3.54am in the early hours of Sunday morning and I am wide eyed and restless. That’s the problem with climbing into bed at 9-45 of an evening, your circadian rhythms jolt you awake and make you desire a soothing cup of tea at an ungodly hour. I was already fully conscious, contemplating life’s more pressing questions such as ‘did I cook enough bolognese for lunch or could I eke it out with the addition of chopped courgettes,’ when the Small Child wandered in, bleary eyed.
‘In you get,’ I said, drawing back the covers. LSB made a groaning sound and prepared to exit. ‘Night night,’ I muttered, feebly. Then I remembered the tooth. The Small Child was ever so excited about her tooth coming out, and the anticipation of a couple of quid under her pillow. I still, at this point, harboured some hope of returning sleep quickly, so as LSB was ousted to the bed downstairs, I told him to do the Tooth Fairy duty, in pigeon Spanish, lest the Small Child’s overhear.
<Necessito deneiro para ella – tu sabes, sus dientes’.*>
LSB had some wine last night and looked on, bewildered.
<Sus DIENTES > I repeated, pointing at the child’s head, in the direction of her teeth. <Ah, si, si> he mumbled, plundering through his bed stand drawer for change. There was much noise, and things clattering onto the wooden floor. I was rendered quite awake by now.
<Dos>, I said, because she has been a good child of late, most endearing. Au contraire, the Older One has taken to answering back, so when her tooth fell out on Tuesday she only got a pound. Tooth Fairies round this neck of the woods tend to listen in, a bit like Santa’s Seagull, who was a regular when I was growing up in Bangor. He was forever looking through the window with a beady eye and reporting any misdemeanours back to base in the North Pole. I held a grudge against seagulls for years, but I’m quite over it now, and even feel sorry for them with all the plastic in their tummies.
I toss and turn and sleep is not forthcoming. Apparently, in the olden times, pre-electricity, this was the norm. (Not pre-dawn raids hunting for change for in return for teeth,) but being awake at two or three in the morning. This was because everyone went to bed when it got dark (in the winter months anyway,) then woke a few hours later and had a snack and a chat and maybe some sex, before going back to sleep. How very pleasant, and how obviously never going to happen here, because between children and the cat our house is like an episode of ‘Whose bed is it anyway?’ Poor LSB knows the answer to that one, as he makes his forlorn way to the downstairs bedroom. ‘ Never my fecking bed,’ he says, trudging off.
While I’m in a ranty mood, here’s something else that I have issues with: over zealous parenting.
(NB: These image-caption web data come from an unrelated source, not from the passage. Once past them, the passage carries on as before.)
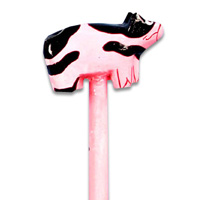 Wooden Pig Pencil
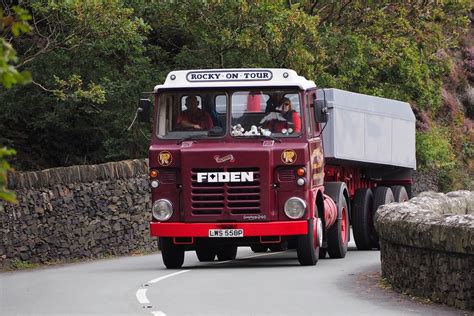 Foden S 83 LWS 558P 1976 Foden S83 In The Livery Of P D Flickr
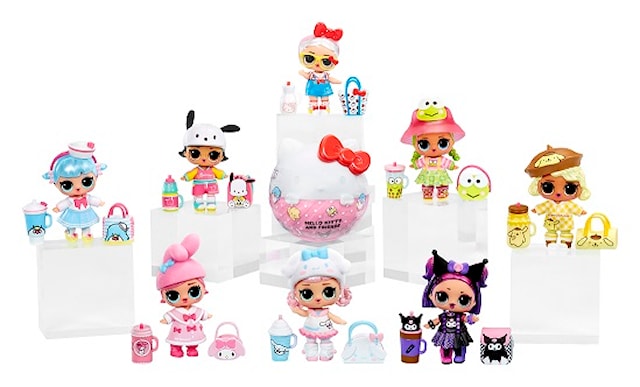 Tuotekuva 2 - L.O.L. Loves Hello Kitty & Friends L.O.L Surprise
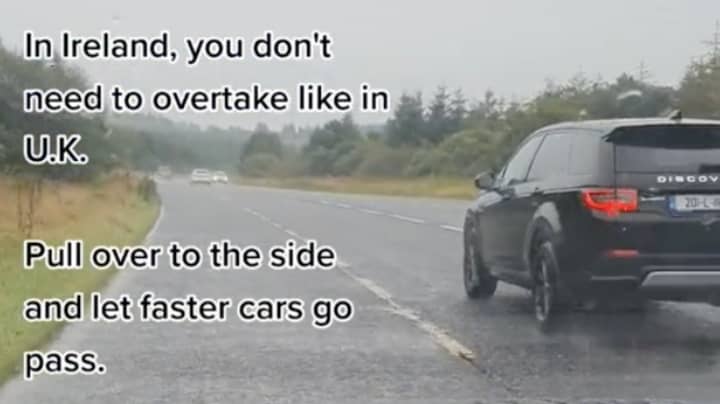 Driving Rule For Overtaking Cars In Ireland Is Different Compared To UK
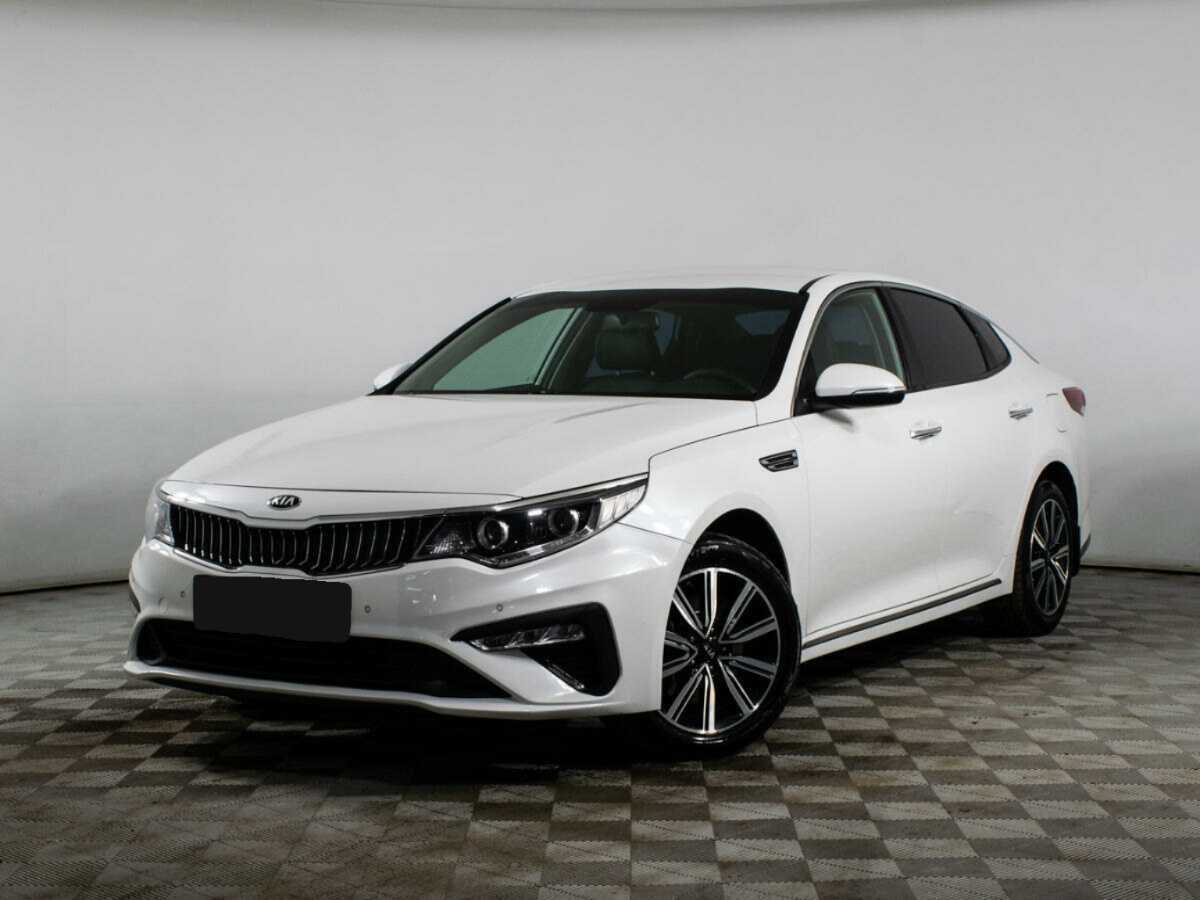 Купить Kia Optima, 2019, 129 133 км, фото №1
Those ones who ‘go the extra mile’ seemingly with the only intention of making the rest of us frazzled mortals feel shit. I’m talking ‘rate per tooth’ here. IMHO, no tooth should ever warrant more than £2, except of course, if the tooth fairy was exhausted/tipsy or both and forgot to come for say, 3 lost teeth in a row. Then, fair enough, give the child a fiver, so they don’t that cast up to you as they heave you into a home when you’re eighty.
Also, for the love of God, don’t be writing letters in fancy calligraphy to your offspring on behalf of a mythical creature. If you’re contemplating such hijinks, have a word with yourself. Anyone with that amount of spare time on their hands can come round here and deal with a few loads of my laundry. Those sort off shenanigans set expectations, that we all have to start penning missives, waxing lyrical about the wonder that is children growing up. The only letter our fairy is going to write is: ‘If you don’t stop strewing your dirty socks and pants round the house I won’t be back. Ever.’
When I was looking up images for a tooth fairy to adorn this piece, I came across pre-written messages which you can purchase online. These spout lots of shite about the kid being wonderful and enquiring after their general health. Some frigger somewhere is making a fortune out of that racket and I want in on it. I might suggest threatening versions for when children have been horrid: I’d be good at writing those.
*Those fluent in Spanish may feel the need to offer some corrections. Please refrain. I don’t actually speak much Spanish and I’m thrilled to bits with myself with the odd bit I know. Don’t burst my bubble. Trust me, it’s already well punctured at this stage.